Context. Behaviour-Driven Development (BDD) suites in Gherkin accumulate step-text duplication with documented maintenance cost. Prior detectors either require runnable tests or are single-organisation, leaving a gap: a static, paraphrase-robust, step-level detector and a public benchmark to calibrate it. Objective. We release (i) the largest cross-organisational BDD step corpus to date, (ii) a labelled pair-level calibration benchmark, and (iii) a four-strategy detector with a consolidation-savings model linking clusters to ISO/IEC 25010 maintainability sub-characteristics. Method. The corpus contains 347 public GitHub repositories, 23,667 .feature files, and 1,113,616 Gherkin steps, SPDX-tagged. The detector layers exact hashing, normalised Levenshtein, sentence-transformer cosine, and a Levenshtein-banded hybrid. Calibration uses 1,020 manually labelled step pairs under a released rubric (60-pair overlap, Fleiss kappa = 0.84). We report precision, recall, and F1 with bootstrap 95% CIs under the primary rubric and a score-free relabelling, and benchmark against SourcererCC-style and NiCad-style lexical baselines. Results. Step-weighted exact-duplicate rate is 80.2%; median-repository rate is 58.6% (Spearman rho = 0.51). The top hybrid cluster has 20,737 occurrences across 2,245 files. Near-exact reaches F1 = 0.822 on score-free labels; semantic F1 = 0.906 under the primary rubric reflects a disclosed stratification artefact. Lexical baselines reach F1 = 0.761 and 0.799. The savings model estimates 893,357 corpus-wide eliminable step occurrences; on the median repository 62.5% of step lines are eliminable.
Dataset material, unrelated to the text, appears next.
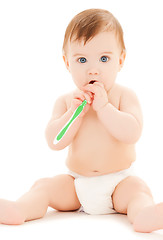 Image showing curious baby brushing teeth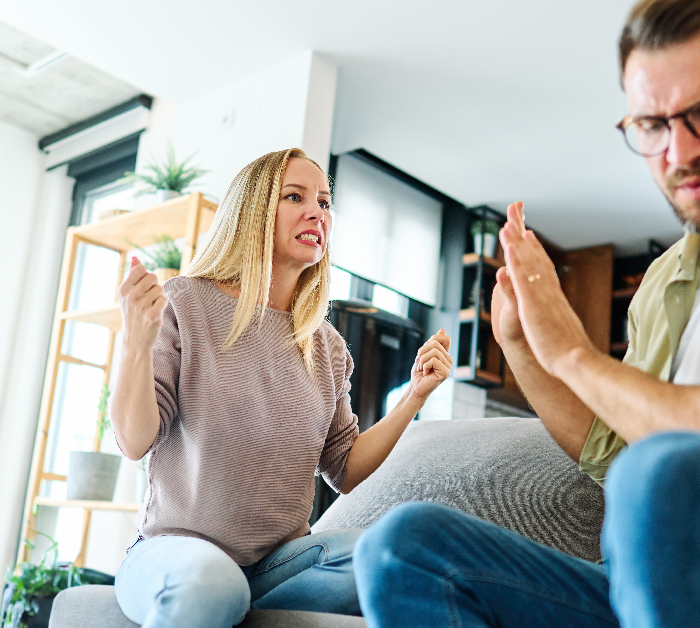 Couple arguing on couch, frustrated woman calling out lazy guy who refuses to listen in modern living room.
翻译：上下文：采用Gherkin语言的行为驱动开发（BDD）测试套件中，步骤文本的重复现象会带来有据可查的维护成本。现有检测工具要么需要可运行测试，要么仅适用于单一组织，导致以下空白：缺乏一个静态的、对仿写具有鲁棒性的步骤级检测器，以及用于校准该检测器的公开基准。目标：我们发布（i）迄今为止规模最大的跨组织BDD步骤语料库，（ii）标注好的配对级校准基准，以及（iii）包含四种策略的检测器，并附带一个将聚类结果与ISO/IEC 25010可维护性子特性关联的合并节约模型。方法：该语料库包含347个GitHub公开仓库、23,667个.feature文件及1,113,616个Gherkin步骤，并附带SPDX标签。检测器采用精确哈希、标准化Levenshtein距离、句子转换器余弦相似度及Levenshtein带状混合策略。校准使用基于公开评估准则的1,020个人工标注步骤对（60对重叠，Fleiss kappa=0.84）。我们在主评估准则及无分数重新标注下报告精确率、召回率及F1值（bootstrap 95%置信区间），并与SourcererCC风格及NiCad风格的词汇基线进行基准比较。结果：步骤加权精确重复率为80.2%，中位数仓库重复率为58.6%（Spearman rho=0.51）。最优混合聚类包含横跨2,245个文件的20,737次出现。基于无分数标签的近似重复F1值为0.822；主评估准则下的语义重复F1值为0.906，这反映了公开的分层伪影。词汇基线的F1值分别为0.761和0.799。节约模型估计整个语料库中有893,357个步骤可被消除；在中位数仓库中，62.5%的步骤行可被消除。